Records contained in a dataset
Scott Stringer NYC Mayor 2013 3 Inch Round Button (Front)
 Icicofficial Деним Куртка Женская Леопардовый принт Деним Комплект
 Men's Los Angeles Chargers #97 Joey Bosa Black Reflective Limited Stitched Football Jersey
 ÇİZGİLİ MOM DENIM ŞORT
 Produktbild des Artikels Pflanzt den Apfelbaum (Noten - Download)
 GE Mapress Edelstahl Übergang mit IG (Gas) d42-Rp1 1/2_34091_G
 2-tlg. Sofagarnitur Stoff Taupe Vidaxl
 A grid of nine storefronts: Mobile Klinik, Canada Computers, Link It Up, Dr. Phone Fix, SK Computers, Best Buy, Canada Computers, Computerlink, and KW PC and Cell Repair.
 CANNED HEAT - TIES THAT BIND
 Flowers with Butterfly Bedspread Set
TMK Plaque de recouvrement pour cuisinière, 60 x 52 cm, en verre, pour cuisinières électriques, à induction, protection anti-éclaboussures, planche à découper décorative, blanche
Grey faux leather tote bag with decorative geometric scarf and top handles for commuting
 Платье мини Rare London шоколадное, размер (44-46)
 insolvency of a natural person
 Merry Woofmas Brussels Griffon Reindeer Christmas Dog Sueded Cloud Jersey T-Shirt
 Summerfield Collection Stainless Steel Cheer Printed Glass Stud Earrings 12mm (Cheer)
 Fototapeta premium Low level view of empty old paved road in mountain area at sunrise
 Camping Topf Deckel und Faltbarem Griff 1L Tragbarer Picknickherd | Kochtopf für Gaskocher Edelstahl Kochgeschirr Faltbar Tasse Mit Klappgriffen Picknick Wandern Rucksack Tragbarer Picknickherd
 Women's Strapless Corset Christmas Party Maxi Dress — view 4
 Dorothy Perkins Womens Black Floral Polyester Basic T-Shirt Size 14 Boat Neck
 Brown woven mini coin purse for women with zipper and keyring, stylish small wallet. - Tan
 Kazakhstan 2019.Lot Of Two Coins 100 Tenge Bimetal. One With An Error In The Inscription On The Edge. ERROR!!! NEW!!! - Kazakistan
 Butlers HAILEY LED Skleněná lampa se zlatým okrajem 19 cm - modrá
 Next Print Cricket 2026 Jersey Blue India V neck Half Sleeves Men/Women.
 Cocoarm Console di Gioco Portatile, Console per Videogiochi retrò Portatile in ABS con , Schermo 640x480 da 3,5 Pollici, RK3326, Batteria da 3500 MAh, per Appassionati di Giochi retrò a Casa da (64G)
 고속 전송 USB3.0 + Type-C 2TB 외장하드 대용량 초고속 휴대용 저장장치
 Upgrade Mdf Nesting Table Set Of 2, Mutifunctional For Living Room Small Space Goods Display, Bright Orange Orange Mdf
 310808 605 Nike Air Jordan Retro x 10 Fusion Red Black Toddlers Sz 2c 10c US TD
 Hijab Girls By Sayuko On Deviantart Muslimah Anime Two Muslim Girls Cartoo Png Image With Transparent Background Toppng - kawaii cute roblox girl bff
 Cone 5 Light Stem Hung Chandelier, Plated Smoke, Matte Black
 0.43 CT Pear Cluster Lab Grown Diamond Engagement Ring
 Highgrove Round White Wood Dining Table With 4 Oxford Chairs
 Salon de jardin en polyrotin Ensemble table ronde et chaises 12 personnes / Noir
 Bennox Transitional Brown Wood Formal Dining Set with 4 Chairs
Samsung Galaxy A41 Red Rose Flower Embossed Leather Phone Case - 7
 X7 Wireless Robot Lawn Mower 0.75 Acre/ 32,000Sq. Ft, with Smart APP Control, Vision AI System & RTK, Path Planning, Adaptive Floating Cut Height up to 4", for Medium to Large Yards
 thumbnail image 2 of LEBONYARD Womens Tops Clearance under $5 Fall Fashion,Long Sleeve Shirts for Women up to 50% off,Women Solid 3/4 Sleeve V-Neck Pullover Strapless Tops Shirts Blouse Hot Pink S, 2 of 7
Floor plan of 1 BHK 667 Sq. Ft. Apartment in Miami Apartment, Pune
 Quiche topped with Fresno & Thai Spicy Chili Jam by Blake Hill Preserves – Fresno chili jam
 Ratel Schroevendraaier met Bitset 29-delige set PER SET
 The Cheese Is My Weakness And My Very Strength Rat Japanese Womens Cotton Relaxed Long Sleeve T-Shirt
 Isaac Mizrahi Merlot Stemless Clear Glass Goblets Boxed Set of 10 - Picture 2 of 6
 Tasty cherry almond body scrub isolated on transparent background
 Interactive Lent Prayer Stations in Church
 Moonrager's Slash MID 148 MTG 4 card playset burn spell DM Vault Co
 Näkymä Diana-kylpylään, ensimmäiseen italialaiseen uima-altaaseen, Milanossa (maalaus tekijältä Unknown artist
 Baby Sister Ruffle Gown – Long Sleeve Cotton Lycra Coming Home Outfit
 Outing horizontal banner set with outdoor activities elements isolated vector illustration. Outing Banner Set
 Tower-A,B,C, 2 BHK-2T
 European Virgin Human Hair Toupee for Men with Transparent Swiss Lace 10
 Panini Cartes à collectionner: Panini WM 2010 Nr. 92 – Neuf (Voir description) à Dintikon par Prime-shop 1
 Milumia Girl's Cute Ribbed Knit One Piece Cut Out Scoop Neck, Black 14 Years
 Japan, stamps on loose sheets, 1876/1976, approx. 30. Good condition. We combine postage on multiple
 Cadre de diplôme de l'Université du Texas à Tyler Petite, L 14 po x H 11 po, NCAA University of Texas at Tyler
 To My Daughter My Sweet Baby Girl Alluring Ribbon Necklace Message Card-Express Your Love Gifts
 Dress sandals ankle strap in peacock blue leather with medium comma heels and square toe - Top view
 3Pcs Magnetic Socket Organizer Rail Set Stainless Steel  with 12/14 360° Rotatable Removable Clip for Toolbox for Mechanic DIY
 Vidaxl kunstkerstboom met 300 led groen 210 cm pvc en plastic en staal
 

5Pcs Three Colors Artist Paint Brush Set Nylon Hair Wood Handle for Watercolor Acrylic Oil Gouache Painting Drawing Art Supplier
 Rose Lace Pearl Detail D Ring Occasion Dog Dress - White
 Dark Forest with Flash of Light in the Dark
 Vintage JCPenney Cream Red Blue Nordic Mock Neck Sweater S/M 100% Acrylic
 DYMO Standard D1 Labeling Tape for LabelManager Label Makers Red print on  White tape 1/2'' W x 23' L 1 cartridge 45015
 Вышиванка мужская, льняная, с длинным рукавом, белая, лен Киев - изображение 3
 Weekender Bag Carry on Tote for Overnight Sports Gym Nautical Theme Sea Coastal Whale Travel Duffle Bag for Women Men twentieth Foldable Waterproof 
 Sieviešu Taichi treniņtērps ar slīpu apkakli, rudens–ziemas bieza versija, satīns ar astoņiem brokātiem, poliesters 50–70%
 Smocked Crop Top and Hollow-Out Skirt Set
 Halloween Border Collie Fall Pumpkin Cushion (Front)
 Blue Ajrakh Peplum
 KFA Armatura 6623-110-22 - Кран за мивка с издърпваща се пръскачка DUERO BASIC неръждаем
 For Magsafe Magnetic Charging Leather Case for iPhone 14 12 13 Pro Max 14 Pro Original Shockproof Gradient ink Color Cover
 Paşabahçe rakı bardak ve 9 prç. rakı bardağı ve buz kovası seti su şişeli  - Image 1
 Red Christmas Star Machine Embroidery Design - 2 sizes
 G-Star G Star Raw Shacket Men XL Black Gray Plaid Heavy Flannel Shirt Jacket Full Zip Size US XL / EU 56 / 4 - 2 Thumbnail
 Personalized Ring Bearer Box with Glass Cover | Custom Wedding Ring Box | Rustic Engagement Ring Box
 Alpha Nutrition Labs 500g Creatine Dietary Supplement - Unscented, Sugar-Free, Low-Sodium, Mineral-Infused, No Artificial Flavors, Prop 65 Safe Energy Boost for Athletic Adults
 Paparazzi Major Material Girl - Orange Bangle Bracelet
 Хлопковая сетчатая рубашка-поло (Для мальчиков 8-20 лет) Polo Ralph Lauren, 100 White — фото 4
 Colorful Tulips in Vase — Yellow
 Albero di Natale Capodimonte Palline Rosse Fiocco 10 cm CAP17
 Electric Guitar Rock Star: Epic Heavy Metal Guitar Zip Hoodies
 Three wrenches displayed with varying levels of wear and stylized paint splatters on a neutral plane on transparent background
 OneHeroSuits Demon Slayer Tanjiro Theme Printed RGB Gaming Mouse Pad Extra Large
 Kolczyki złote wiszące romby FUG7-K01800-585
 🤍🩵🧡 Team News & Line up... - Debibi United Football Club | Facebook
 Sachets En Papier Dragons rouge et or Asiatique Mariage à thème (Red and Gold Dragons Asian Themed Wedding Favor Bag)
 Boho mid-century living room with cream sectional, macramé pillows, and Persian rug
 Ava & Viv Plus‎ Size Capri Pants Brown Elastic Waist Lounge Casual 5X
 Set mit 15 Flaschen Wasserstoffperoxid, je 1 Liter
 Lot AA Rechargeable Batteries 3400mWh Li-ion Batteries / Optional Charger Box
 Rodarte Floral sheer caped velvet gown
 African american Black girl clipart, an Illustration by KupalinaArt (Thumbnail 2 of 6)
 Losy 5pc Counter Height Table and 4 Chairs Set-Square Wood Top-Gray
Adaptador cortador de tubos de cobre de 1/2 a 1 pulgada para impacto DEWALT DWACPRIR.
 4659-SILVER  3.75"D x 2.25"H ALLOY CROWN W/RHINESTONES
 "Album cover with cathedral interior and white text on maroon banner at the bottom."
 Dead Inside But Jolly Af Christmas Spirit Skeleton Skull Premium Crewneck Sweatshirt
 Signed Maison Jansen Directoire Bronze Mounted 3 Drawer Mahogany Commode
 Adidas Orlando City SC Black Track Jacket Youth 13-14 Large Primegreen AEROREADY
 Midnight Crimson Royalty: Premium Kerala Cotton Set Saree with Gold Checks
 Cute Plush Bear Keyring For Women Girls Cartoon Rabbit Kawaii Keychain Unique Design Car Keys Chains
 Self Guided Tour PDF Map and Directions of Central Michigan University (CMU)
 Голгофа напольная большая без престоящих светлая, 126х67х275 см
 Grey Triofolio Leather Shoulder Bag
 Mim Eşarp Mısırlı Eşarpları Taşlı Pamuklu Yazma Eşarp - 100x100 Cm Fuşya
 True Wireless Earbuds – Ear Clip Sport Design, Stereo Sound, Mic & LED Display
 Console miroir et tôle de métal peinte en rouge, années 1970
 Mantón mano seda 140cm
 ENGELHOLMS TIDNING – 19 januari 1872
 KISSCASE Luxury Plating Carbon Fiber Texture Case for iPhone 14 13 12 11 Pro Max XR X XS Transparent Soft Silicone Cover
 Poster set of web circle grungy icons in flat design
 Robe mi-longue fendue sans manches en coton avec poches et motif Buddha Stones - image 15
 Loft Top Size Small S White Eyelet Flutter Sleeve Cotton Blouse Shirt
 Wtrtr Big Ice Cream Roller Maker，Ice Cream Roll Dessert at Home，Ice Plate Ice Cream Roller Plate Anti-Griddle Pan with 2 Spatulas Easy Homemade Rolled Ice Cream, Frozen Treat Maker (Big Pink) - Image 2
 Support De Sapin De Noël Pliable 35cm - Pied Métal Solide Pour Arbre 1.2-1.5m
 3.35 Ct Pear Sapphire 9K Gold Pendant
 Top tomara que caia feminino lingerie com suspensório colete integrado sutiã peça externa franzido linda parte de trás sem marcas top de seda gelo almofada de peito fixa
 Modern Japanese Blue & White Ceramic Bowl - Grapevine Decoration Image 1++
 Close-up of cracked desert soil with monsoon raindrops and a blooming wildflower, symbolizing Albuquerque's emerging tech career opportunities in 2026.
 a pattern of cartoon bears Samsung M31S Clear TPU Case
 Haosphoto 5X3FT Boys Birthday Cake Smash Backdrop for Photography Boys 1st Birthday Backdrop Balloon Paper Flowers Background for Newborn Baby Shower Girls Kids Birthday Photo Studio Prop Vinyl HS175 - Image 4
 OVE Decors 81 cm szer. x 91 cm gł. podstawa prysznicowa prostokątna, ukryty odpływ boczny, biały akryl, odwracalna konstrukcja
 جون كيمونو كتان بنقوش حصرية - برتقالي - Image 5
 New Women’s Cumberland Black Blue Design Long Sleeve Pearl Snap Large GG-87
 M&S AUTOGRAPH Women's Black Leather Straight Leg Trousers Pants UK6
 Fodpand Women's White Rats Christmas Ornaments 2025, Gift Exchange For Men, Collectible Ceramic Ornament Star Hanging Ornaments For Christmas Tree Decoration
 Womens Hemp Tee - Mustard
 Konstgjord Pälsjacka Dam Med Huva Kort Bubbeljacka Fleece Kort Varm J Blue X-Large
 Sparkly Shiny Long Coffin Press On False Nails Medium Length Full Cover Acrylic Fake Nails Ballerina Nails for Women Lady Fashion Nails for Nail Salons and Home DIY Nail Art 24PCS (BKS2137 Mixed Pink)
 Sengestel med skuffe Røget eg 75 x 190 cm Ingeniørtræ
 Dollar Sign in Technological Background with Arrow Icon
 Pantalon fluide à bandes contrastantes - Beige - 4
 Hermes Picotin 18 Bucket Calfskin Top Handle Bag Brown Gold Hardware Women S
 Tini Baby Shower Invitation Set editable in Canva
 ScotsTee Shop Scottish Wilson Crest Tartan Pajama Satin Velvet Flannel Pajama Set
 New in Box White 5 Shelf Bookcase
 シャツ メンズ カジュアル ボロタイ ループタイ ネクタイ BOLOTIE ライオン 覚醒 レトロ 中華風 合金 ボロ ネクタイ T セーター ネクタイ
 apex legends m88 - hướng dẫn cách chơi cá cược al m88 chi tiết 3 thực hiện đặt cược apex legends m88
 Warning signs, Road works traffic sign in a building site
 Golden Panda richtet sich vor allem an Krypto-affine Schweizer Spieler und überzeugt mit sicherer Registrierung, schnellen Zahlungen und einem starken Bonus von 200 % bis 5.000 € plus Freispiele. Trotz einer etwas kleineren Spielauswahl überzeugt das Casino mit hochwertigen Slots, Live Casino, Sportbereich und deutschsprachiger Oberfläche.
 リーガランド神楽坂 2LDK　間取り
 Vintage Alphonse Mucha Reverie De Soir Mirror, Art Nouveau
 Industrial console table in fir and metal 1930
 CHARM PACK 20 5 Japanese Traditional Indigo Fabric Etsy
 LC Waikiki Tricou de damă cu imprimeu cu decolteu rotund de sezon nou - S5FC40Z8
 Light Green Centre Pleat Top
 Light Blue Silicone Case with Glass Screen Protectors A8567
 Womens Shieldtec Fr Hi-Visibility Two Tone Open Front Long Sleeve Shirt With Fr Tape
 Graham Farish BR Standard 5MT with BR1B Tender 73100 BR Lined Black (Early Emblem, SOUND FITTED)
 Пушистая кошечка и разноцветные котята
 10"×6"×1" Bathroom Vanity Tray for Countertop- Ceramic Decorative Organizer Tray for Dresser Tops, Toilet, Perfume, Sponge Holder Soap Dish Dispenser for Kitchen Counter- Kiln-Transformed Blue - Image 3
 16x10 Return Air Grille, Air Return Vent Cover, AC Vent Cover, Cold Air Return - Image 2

YOUR OBJECTIVE:
Starting at the line above that holds "OneHeroSuits Demon Slayer" and ending at the line that holds "Poster set of", transcribe each line exactly and include no other lines.

EXERCISE RESPONSE:
 OneHeroSuits Demon Slayer Tanjiro Theme Printed RGB Gaming Mouse Pad Extra Large
 Kolczyki złote wiszące romby FUG7-K01800-585
 🤍🩵🧡 Team News & Line up... - Debibi United Football Club | Facebook
 Sachets En Papier Dragons rouge et or Asiatique Mariage à thème (Red and Gold Dragons Asian Themed Wedding Favor Bag)
 Boho mid-century living room with cream sectional, macramé pillows, and Persian rug
 Ava & Viv Plus‎ Size Capri Pants Brown Elastic Waist Lounge Casual 5X
 Set mit 15 Flaschen Wasserstoffperoxid, je 1 Liter
 Lot AA Rechargeable Batteries 3400mWh Li-ion Batteries / Optional Charger Box
 Rodarte Floral sheer caped velvet gown
 African american Black girl clipart, an Illustration by KupalinaArt (Thumbnail 2 of 6)
 Losy 5pc Counter Height Table and 4 Chairs Set-Square Wood Top-Gray
Adaptador cortador de tubos de cobre de 1/2 a 1 pulgada para impacto DEWALT DWACPRIR.
 4659-SILVER  3.75"D x 2.25"H ALLOY CROWN W/RHINESTONES
 "Album cover with cathedral interior and white text on maroon banner at the bottom."
 Dead Inside But Jolly Af Christmas Spirit Skeleton Skull Premium Crewneck Sweatshirt
 Signed Maison Jansen Directoire Bronze Mounted 3 Drawer Mahogany Commode
 Adidas Orlando City SC Black Track Jacket Youth 13-14 Large Primegreen AEROREADY
 Midnight Crimson Royalty: Premium Kerala Cotton Set Saree with Gold Checks
 Cute Plush Bear Keyring For Women Girls Cartoon Rabbit Kawaii Keychain Unique Design Car Keys Chains
 Self Guided Tour PDF Map and Directions of Central Michigan University (CMU)
 Голгофа напольная большая без престоящих светлая, 126х67х275 см
 Grey Triofolio Leather Shoulder Bag
 Mim Eşarp Mısırlı Eşarpları Taşlı Pamuklu Yazma Eşarp - 100x100 Cm Fuşya
 True Wireless Earbuds – Ear Clip Sport Design, Stereo Sound, Mic & LED Display
 Console miroir et tôle de métal peinte en rouge, années 1970
 Mantón mano seda 140cm
 ENGELHOLMS TIDNING – 19 januari 1872
 KISSCASE Luxury Plating Carbon Fiber Texture Case for iPhone 14 13 12 11 Pro Max XR X XS Transparent Soft Silicone Cover
 Poster set of web circle grungy icons in flat design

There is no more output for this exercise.